I'm not a fan of Twilight but I've seen/read some of it and I thought this was just too funny (whether you're a fan, a hater or have never heard of it before!)

I give you,_ Twilight: New Moon: _

http://microsuede.blogspot.com/2009/11/ ... -moon.html

(.. forgive me if this is OT, I couldn't think of a better place to put it)


----------



## raecarrow (Oct 27, 2009)

ROFLMAO! That is frickin funny!

Edit: I am a twilight fan (more so of the books rather than the movies. Kristen Stewart and Robert Pattinson CANNOT act. Its almost as bad as Jake Loyd as Annikin Skywalker. Although Taylor Lautner makes a REDICULOUSLY hot werewolf. )


----------



## Momto3boys (Nov 10, 2009)

:lol: hahahaha that's awesome, and Im a Twilight fan :lol:


----------



## lilyb (Dec 21, 2008)

Also a fan....loved it :lol: 

Loved the collection sigh from the women in the audience when werewolves stripped off


----------



## hoofmaiden (Sep 28, 2009)

OK, that's hysterical! I love the books but let's face it, they ain't great art and the movies are less so. Of course I GO to the movies, don't get me wrong, but the LOL cats version contains pretty much EXACTLY what the movie contains, minus the special effects. The October, November, December part is hysterical!

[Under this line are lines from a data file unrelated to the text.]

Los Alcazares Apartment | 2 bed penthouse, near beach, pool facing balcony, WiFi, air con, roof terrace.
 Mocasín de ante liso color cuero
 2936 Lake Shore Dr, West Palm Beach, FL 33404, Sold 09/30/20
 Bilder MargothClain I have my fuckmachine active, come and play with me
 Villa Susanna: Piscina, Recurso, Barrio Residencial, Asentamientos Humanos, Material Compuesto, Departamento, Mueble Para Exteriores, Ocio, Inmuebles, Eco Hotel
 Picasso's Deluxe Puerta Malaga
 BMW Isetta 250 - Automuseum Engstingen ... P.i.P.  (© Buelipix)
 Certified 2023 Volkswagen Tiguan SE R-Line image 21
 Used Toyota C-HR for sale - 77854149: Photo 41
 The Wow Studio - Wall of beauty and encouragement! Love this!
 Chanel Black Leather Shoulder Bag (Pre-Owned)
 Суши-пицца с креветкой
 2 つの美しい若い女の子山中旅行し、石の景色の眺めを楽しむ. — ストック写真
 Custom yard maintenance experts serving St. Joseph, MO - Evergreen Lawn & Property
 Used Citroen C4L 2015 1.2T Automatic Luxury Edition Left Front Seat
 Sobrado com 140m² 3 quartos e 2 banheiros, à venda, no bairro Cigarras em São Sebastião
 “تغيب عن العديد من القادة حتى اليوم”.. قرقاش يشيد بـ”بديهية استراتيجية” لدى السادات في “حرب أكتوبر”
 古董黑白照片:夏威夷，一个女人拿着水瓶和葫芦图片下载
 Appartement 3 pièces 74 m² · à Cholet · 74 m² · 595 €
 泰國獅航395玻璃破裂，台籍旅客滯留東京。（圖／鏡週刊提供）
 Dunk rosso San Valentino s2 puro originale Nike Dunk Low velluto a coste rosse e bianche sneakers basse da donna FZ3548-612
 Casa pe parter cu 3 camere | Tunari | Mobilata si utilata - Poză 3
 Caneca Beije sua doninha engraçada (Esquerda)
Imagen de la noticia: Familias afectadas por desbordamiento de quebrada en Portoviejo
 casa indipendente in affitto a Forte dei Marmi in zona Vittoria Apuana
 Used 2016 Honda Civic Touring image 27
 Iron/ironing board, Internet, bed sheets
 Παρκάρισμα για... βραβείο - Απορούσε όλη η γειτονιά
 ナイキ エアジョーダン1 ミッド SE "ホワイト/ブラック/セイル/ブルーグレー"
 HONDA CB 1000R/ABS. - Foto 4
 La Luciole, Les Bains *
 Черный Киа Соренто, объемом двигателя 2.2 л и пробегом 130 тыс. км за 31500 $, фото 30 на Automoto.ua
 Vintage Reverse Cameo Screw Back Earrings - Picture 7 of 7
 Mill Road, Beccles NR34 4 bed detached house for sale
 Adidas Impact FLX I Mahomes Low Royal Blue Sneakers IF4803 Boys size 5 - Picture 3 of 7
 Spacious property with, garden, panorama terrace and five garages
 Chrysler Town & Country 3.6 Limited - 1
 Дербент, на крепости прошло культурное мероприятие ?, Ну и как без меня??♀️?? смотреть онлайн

My niece will love it. She's 10 and does a KILLER Kristen Stewart "mope" impression.


----------



## my5kitties (Sep 13, 2005)

Definitely not a Twilight fan, but if they did the movies like this I'd definitely watch it! LOL!!


----------



## gunterkat (Aug 19, 2006)

Such angst, such emoting, such suspense...


----------



## Heidi n Q (Nov 22, 2006)

And don't forget the acting!


----------



## gunterkat (Aug 19, 2006)

um...I was trying to forget the acting... :wink


----------